I have an Iterable
of "work units" that need to be performed, in no particular order, and can easily run in parallel without interfering with one another.
Unfortunately, running too many of them at a time will exceed my available RAM, so I need to make sure that only a handful is running simultaneously at any given time.
At the most basic, I want a function of this type signature:
parMap[A, B](xs: Iterator[A], f: A => B, chunkSize: Int): Iterator[B]
such that the output Iterator
is not necessarily in the same order as the input (if I want to maintain knowledge of where the result came from, I can output a pair with the input or something.) The consumer can then consume the resulting iterator incrementally without eating up all of the machine's memory, while maintaining as much parallelism as is possible for this task.
Furthermore, I want the function to be as efficient as possible. An initial idea I had was for example to do something along the following lines:
xs.iterator.grouped(chunkSize).flatMap(_.toSet.par.map(f).iterator)
where I was hoping the toSet
would inform Scala's parallel collection that it could start producing elements from its iterator as soon as they were ready, in any order, and the grouped
call was to limit the number of simultaneous workers. Unfortunately, it doesn't look like the toSet
call achieves the desired effect (the results are returned in the same order as they would have been without the par
call, in my experiments,) and the grouped
call is suboptimal. For example, if we have a group size of 100, and 99 of those jobs complete immediately on a dozen cores, but one of them is particularly slow, most of the remaining cores will be idle until we can move to the next group. It would be much cleaner to have an "adaptive window" that is at most as big as my chunk size, but doesn't get held up by slow workers.
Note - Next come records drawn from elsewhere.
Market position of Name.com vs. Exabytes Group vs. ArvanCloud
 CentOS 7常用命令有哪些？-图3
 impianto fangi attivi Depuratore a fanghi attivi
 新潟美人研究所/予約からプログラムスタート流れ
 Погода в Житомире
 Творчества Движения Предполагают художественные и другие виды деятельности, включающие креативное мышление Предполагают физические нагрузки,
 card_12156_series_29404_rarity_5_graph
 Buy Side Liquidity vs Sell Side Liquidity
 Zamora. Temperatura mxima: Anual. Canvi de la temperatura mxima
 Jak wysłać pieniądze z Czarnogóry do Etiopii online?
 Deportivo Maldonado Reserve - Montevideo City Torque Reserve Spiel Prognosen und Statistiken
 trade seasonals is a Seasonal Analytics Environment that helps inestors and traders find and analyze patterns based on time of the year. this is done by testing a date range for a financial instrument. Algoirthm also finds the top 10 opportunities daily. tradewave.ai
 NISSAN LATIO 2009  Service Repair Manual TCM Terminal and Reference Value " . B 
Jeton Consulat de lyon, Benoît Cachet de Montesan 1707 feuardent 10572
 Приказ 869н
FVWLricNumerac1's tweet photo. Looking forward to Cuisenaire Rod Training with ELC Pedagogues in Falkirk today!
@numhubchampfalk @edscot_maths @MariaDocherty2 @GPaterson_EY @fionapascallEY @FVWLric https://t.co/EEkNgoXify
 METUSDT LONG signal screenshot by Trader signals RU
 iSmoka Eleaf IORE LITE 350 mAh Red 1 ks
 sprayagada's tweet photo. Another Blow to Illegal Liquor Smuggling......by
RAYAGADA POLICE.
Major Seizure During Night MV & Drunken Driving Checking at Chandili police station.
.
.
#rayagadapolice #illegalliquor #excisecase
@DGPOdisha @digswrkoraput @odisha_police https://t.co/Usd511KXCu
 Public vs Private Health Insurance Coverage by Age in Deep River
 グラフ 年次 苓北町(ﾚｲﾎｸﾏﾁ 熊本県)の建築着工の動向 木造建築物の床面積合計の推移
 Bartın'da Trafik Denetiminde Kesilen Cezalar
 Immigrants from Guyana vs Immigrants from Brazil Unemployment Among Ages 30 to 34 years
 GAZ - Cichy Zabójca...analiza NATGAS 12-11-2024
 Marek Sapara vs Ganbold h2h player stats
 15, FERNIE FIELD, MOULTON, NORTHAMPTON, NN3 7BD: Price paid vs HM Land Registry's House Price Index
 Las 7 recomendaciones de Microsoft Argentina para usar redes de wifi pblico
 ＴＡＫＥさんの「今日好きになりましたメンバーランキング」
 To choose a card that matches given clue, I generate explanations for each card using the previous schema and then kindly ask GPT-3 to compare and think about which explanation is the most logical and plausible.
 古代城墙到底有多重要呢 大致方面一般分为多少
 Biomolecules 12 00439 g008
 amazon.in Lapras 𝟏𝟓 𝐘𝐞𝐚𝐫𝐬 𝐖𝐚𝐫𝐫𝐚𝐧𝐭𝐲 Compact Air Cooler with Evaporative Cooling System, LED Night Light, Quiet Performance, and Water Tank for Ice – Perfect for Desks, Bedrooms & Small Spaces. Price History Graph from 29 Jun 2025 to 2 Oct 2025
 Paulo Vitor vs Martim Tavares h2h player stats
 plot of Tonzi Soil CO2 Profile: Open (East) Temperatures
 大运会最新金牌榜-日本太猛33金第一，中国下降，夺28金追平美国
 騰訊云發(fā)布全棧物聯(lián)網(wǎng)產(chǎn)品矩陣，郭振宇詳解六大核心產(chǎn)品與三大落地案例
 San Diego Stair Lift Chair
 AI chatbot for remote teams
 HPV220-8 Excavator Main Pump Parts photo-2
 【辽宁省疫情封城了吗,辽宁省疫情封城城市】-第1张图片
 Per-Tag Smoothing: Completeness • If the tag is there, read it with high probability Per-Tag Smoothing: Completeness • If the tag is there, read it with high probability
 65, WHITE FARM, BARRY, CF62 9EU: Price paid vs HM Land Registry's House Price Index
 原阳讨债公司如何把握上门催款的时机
I can envision writing something like this myself with a work-stealing (de)queue or something along those lines, but I imagine that a lot of the hard work of dealing with the concurrency primitives is already done for me at some level in Scala's parallel collections library. Does anyone know what parts of it I could reuse to build this piece of functionality, or have other suggestions on how to implement such an operation?